Par un jugement n° 2402323 du 5 juin 2025, le tribunal administratif de Châlons-en-Champagne a annulé cet arrêté du 11 juillet 2024 en tant qu’il désigne une plage horaire pendant laquelle Mme A doit rester à son domicile.
Procédure devant la cour :
I – Par une requête enregistrée le 20 juin 2025 sous le n° 25NC01536, la préfète de la Haute-Marne demande à la cour d’annuler ce jugement du 5 juin 2025 en tant qu’il a partiellement annulé l’arrêté du 11 juillet 2024 et a mis à la charge de l’Etat la somme de 1 200 euros en application de l’article 37 de la loi du 10 juillet 1991.
Elle soutient que c’est à tort que le tribunal administratif a considéré qu’il n’était pas justifié d’imposer à Mme A son maintien à domicile pendant trois heures par jour.
II – Par une requête enregistrée le 27 juin 2025 sous le n° 25NC01623, la préfète de la Haute-Marne demande à la cour, sur le fondement des dispositions de l’article R. 811-15 du code de justice administrative, de prononcer le sursis à exécution du jugement du tribunal administratif de Châlons-en-Champagne du 5 juin 2025.
Elle soutient que c’est à tort que le tribunal administratif a considéré qu’il n’était pas justifié d’imposer à Mme A son maintien à domicile pendant trois heures par jour et que l’exécution du jugement l’exposerait à la perte définitive d’une somme qui ne devrait pas rester à sa charge en cas d’annulation du jugement.
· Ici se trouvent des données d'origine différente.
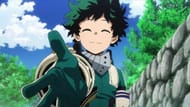 Deku as seen in the anime (Image via Bones)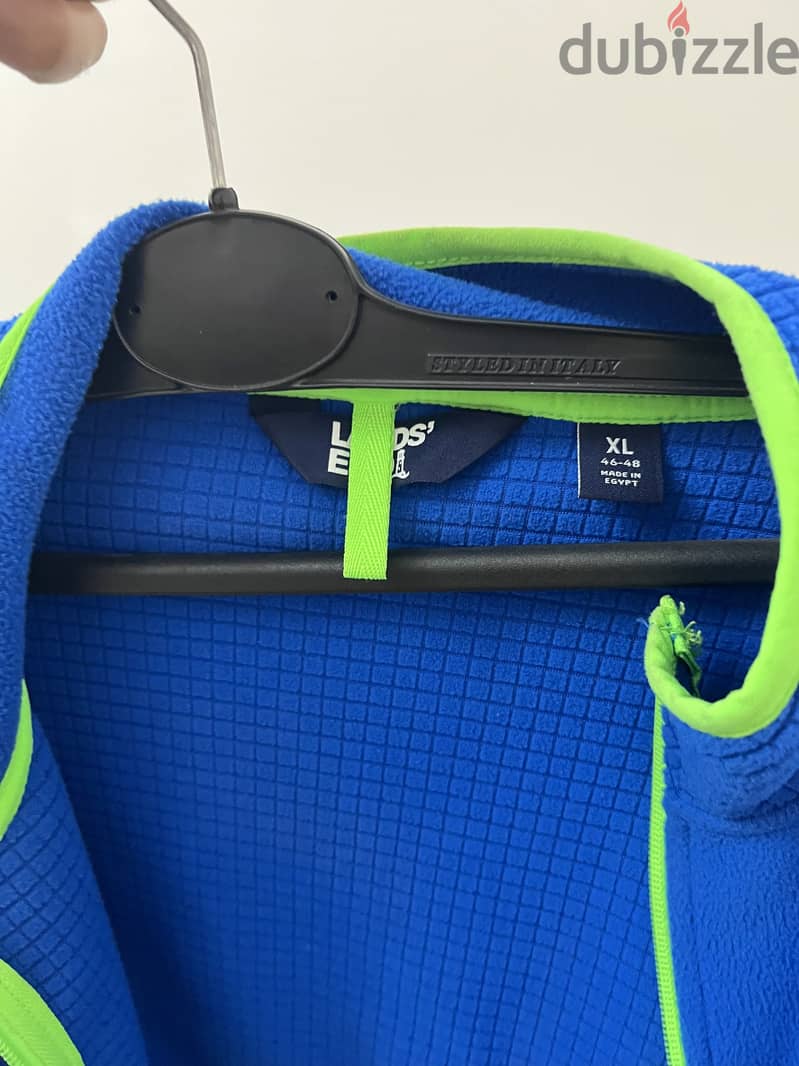 Land end blue jacket 1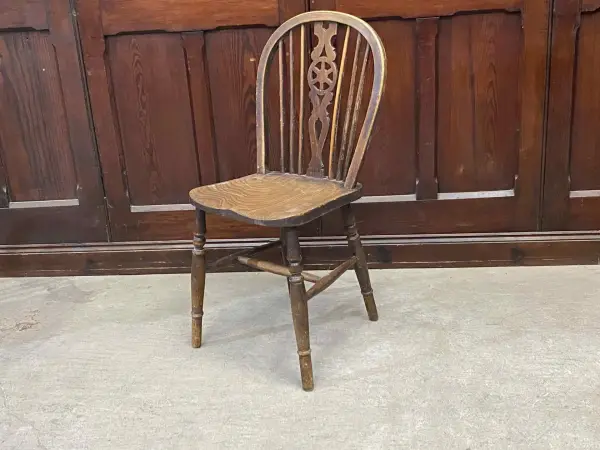 ホイールバックチェア｜エルム材・1880年代 ウィンザースタイル 1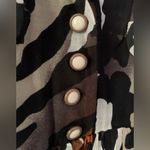 ZARA Women’s Abstract Print Sleeveless Collared Neckline Dress in Medium Photo 4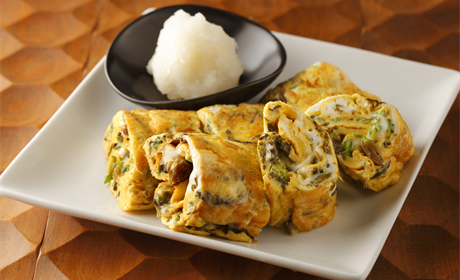 辛子高菜入り玉子焼き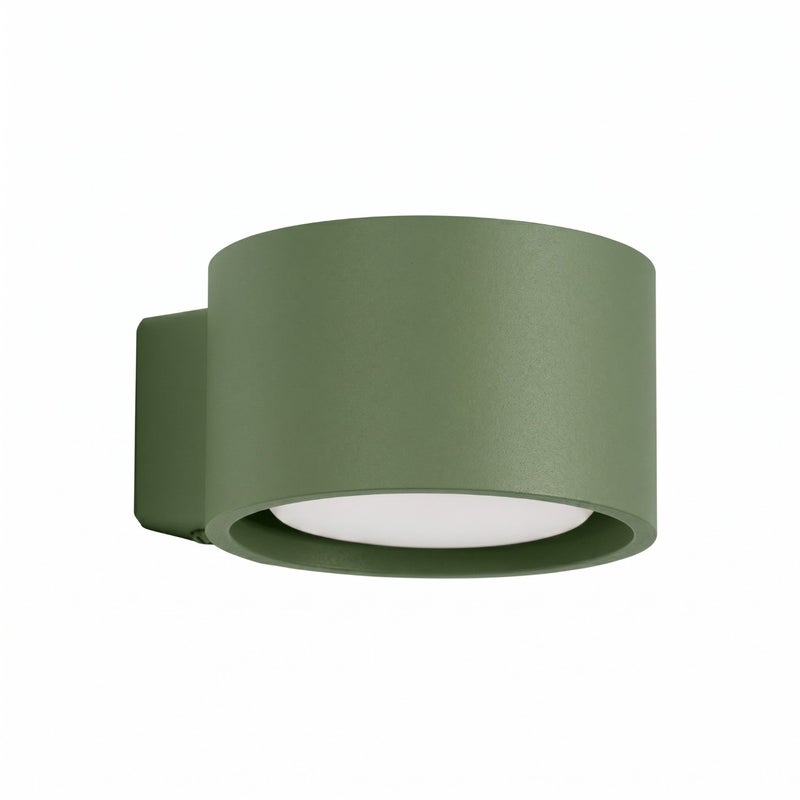 Kinkiet ścienny nowoczesny zielony oliwkowy okrągły 1xGX53 10W MODO Sollux Lighting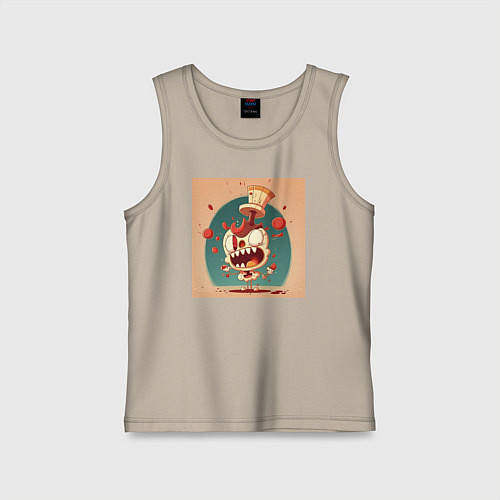 Детская майка Взрыв эмоций / Миндальный – фото 1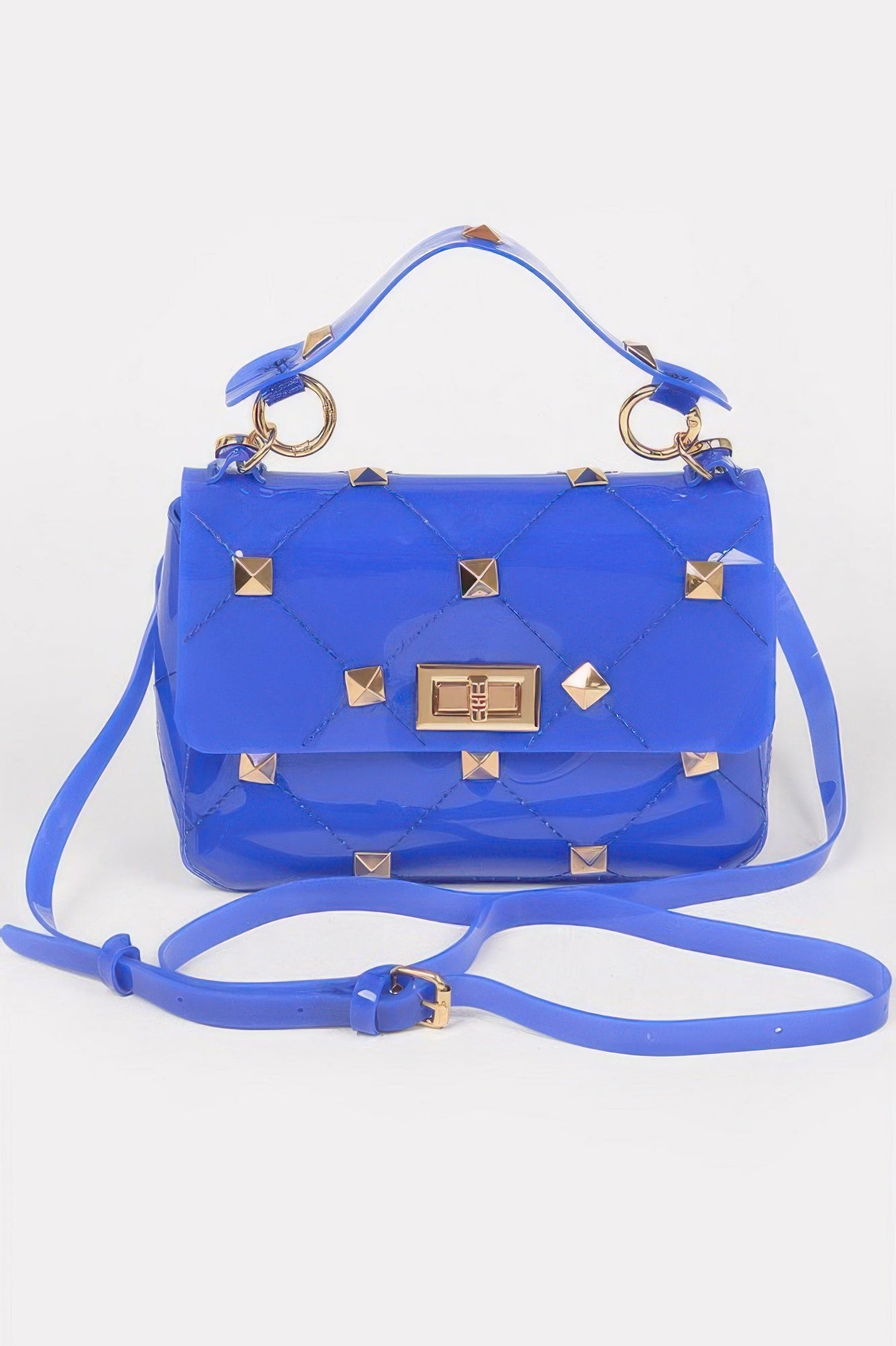 Studded Clear Handle Bag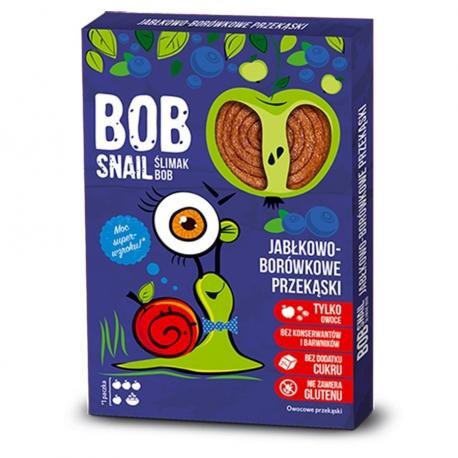 Bob Snail, przekąska owocowa jabłko & borówka, 60g Bob Snail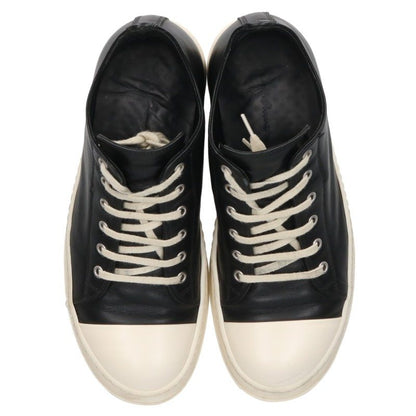 Rick Owens RAMONES LOW Leather Sneakers Black Size EU 41
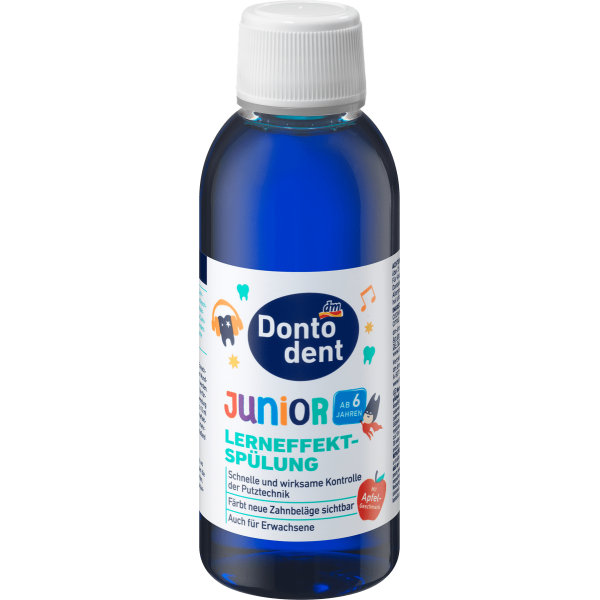 Ополіскувач-індикатор якості чищення зубів Dontodent Junior, для дітей від 6 років, 200 мл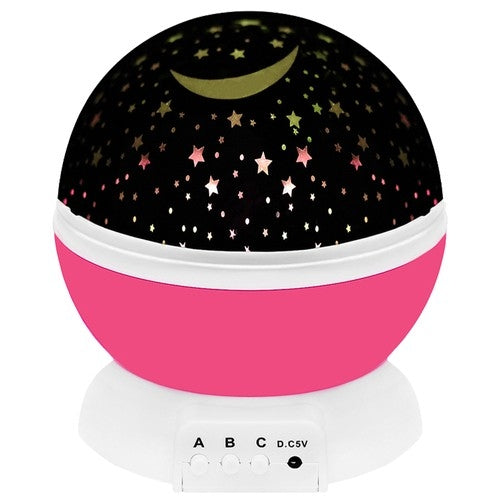 Lamp with a battery-operated projector pink 22192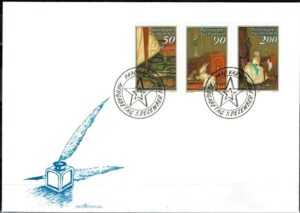 FDC MALARSTWO LIECHTENSTEIN MI.957-959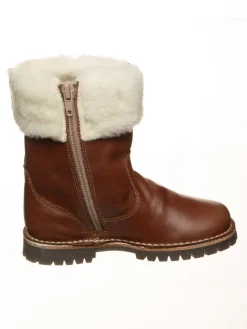 POM POM Stiefel & Boots·Stiefel^Leder-Winterstiefel in Hellbraun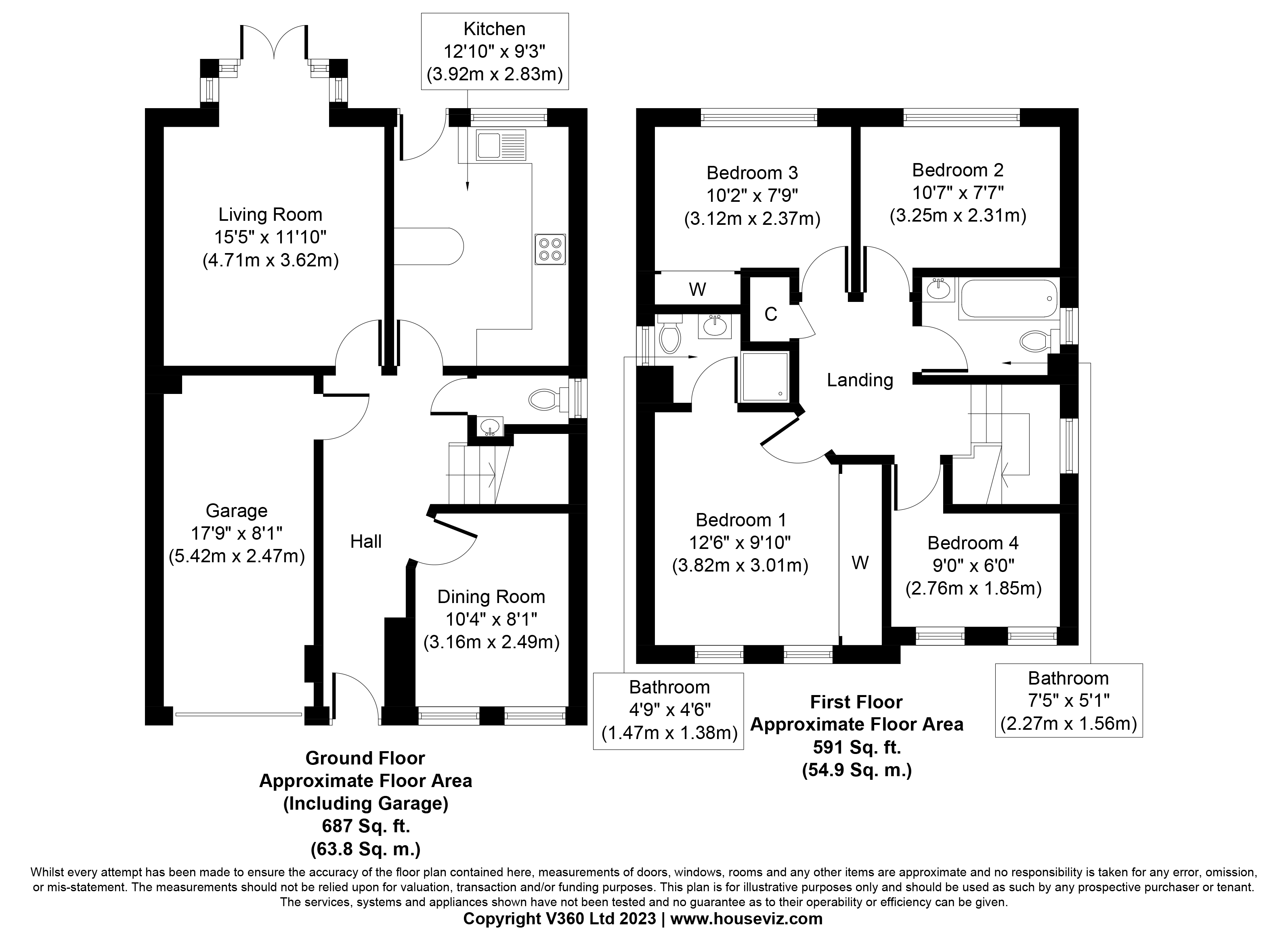 2 Sovereign Road Wakefield  WF1 2EQ floorplan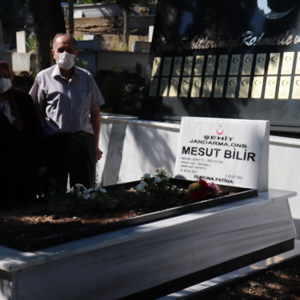 Şehidimiz Mesut BİLİR Kabrinde Ziyaret Edildi - fotoğraf 2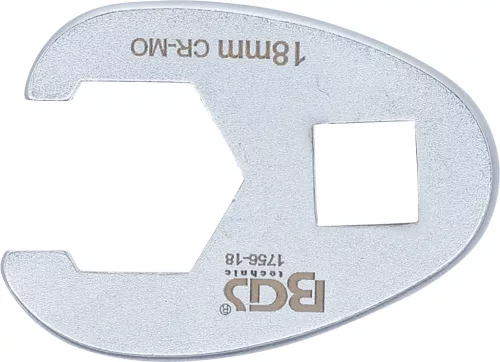 BGS technic 3/8" hollander kulcs fej, 18 mm (BGS 1756-18)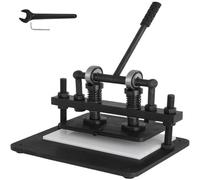 VEVOR Machine de Découpe du Cuir Manuelle 260x150 mm Machine à Découper Manuelle Machine de Coupe du Cuir Machine de Découpage Manuelle pour Cuir Feuilles en Plastiques Feuilles en Caoutchouc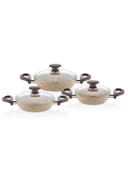 Falez Creamy 6 Parça Sahan Set - 4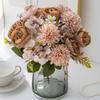 1/3PCS Artificial Flowers Silk Ball Chrysanthemum Rose Home Room Wedding Bridal Bouquet Decor Valentine Outdoor Yard Garden Gift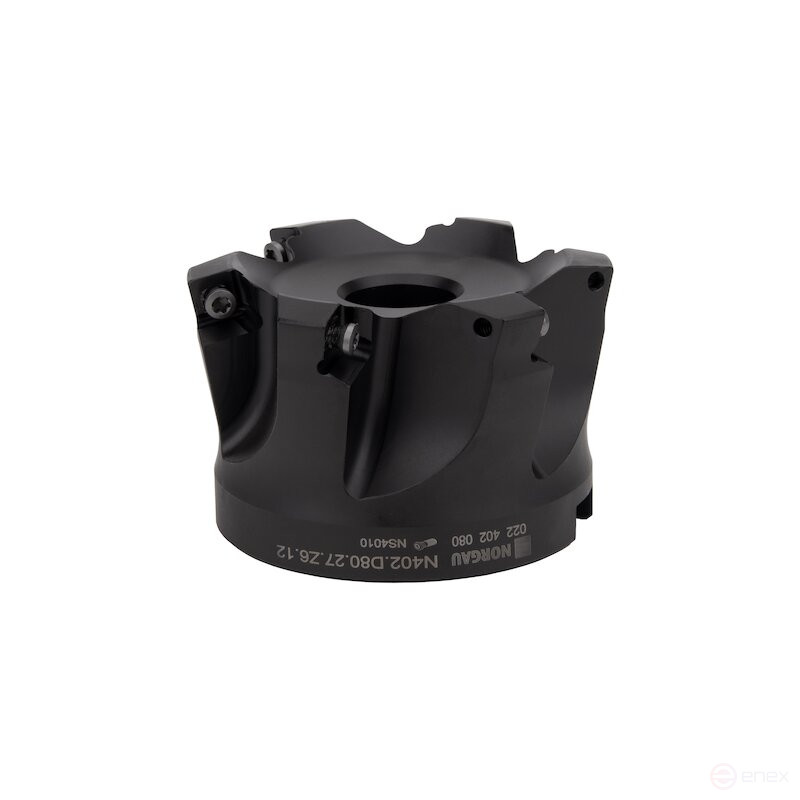Фреза торцевая со сменными пластинами NORGAU Industrial быстроходная N402.D80.27.Z6.12
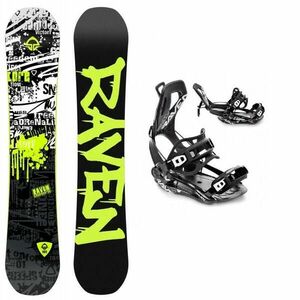 Raven Core Black snowboard + Raven FT360 black vázání - 166W cm + XL (EU 43-46) obraz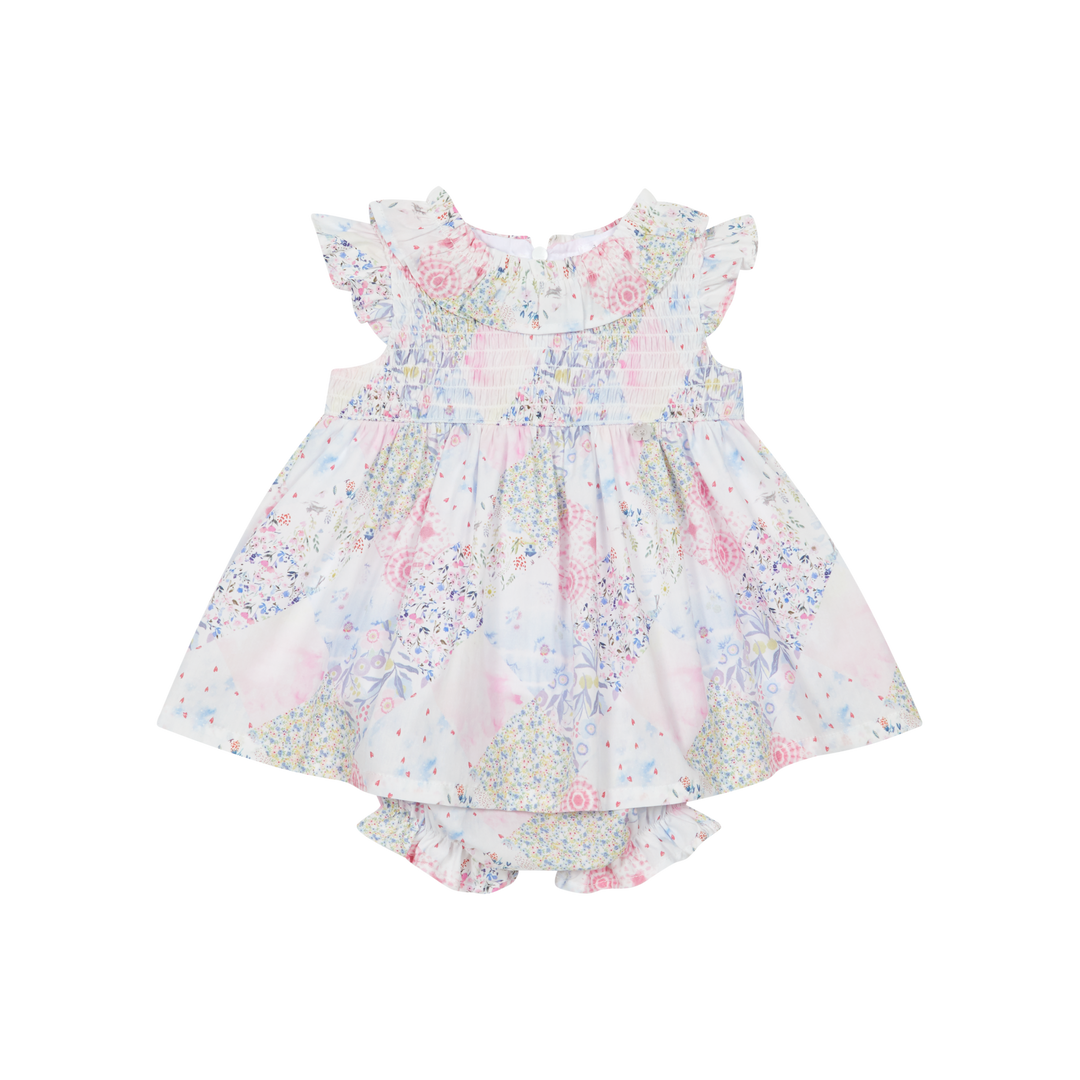 PRE ORDER Deolinda Pastel Patchwork Dress & Knickers 26318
Vu les autres pièces des dossiers.
Vu :
— le code de l’entrée et du séjour des étrangers et du droit d’asile ;
— le code de justice administrative.
La présidente de la cour administrative d’appel de Nancy a désigné Mme Kohler, présidente-assesseure, pour signer les ordonnances visées à l’article R. 222-1 du code de justice administrative.
Considérant ce qui suit :
1. Mme A, ressortissante ivoirienne, est entrée sur le territoire français en 2022. Par un arrêté du 3 avril 2024, le préfet du Loir-et-Cher l’a obligée à quitter le territoire français dans un délai de trente jours, a fixé le pays à destination duquel elle pourra être reconduite d’office à l’expiration de ce délai et a prononcé une interdiction de retour d’une durée de deux ans à son encontre. Par un arrêté du 11 juillet 2024, la préfète de la Haute-Marne l’a assignée à résidence sur le territoire de la commune de Saint-Dizier pour une durée d’un an, lui a imposé de se maintenir à son domicile tous les jours entre 8h et 11h et de se présenter les mardis et vendredis à 14h au commissariat de Saint-Dizier. Par un jugement du 5 juin 2025, le tribunal administratif de Châlons-en-Champagne a annulé cet arrêté en tant qu’il oblige Mme A à se maintenir à son domicile. Par deux requêtes qu’il y a lieu de joindre, la préfète de la Haute-Marne fait appel de ce jugement en tant qu’il annule son arrêté du 11 juillet 2024 et demande qu’il soit sursis à son exécution.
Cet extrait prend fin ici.